# Exercise objective
For each entry, output its words exactly and leave any picture behind.

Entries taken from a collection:
════════

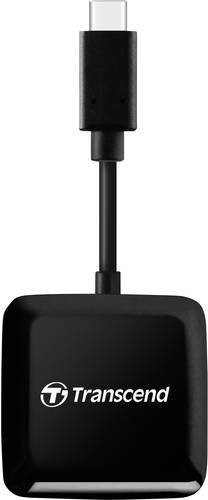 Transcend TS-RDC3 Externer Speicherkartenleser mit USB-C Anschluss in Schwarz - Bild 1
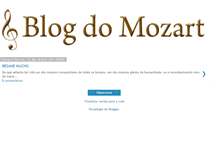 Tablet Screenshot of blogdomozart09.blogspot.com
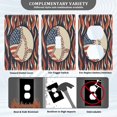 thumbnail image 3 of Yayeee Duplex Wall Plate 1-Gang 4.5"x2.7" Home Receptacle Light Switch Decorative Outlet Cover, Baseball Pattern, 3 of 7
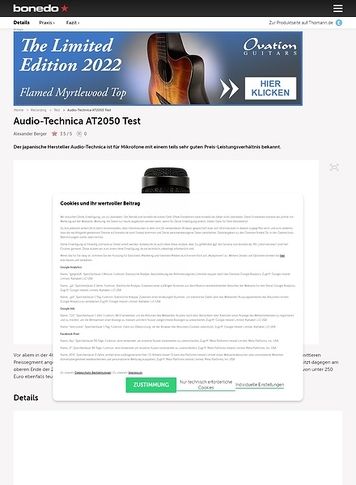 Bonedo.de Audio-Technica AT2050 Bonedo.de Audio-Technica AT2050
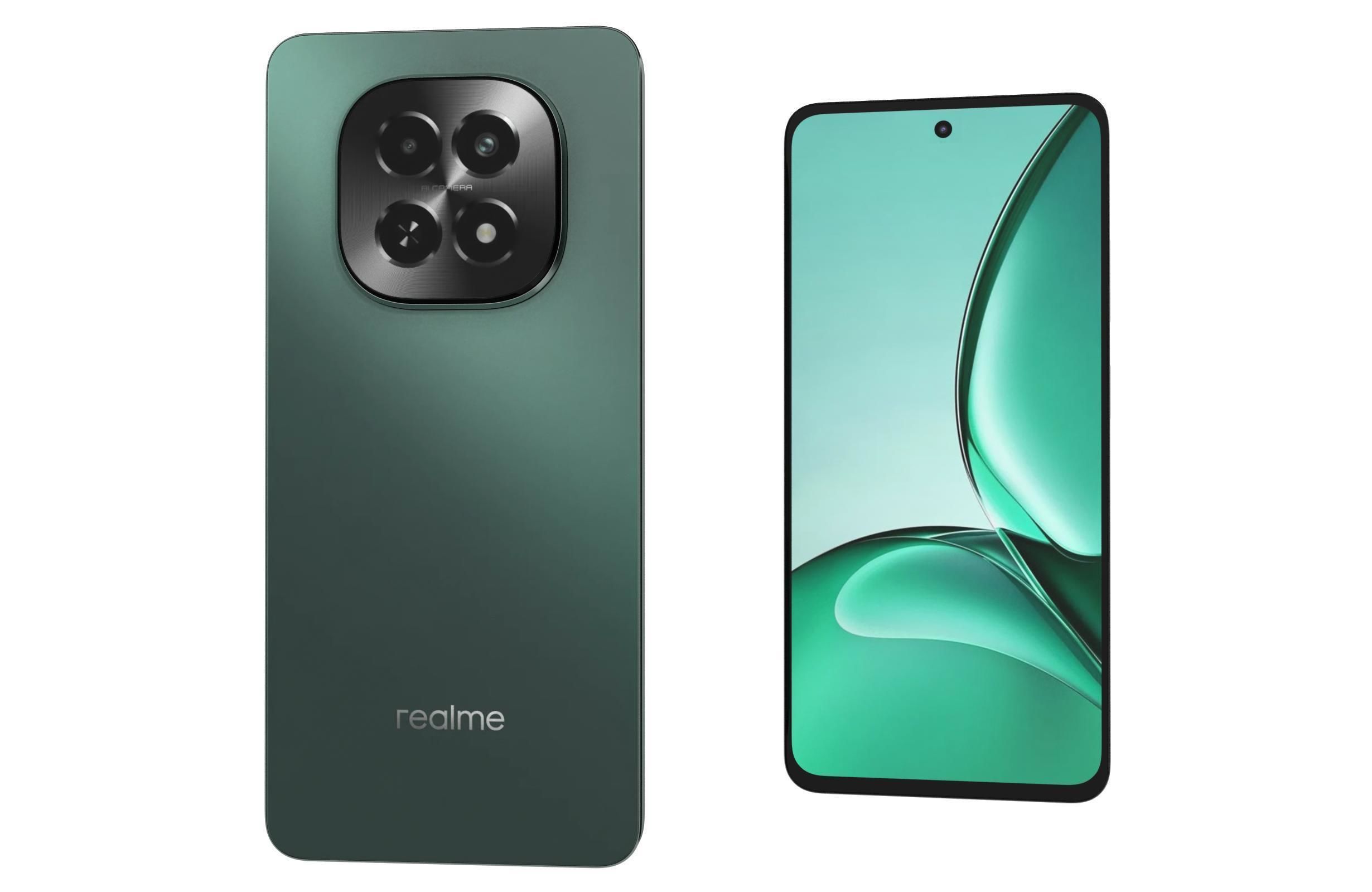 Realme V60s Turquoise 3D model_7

════════

# Answer to this exercise
 Transcend TS-RDC3 Externer Speicherkartenleser mit USB-C Anschluss in Schwarz - Bild 1
 Tablet Screenshot of blogdomozart09.blogspot.com
 thumbnail image 3 of Yayeee Duplex Wall Plate 1-Gang 4.5"x2.7" Home Receptacle Light Switch Decorative Outlet Cover, Baseball Pattern, 3 of 7
 Bonedo.de Audio-Technica AT2050 Bonedo.de Audio-Technica AT2050
 Realme V60s Turquoise 3D model_7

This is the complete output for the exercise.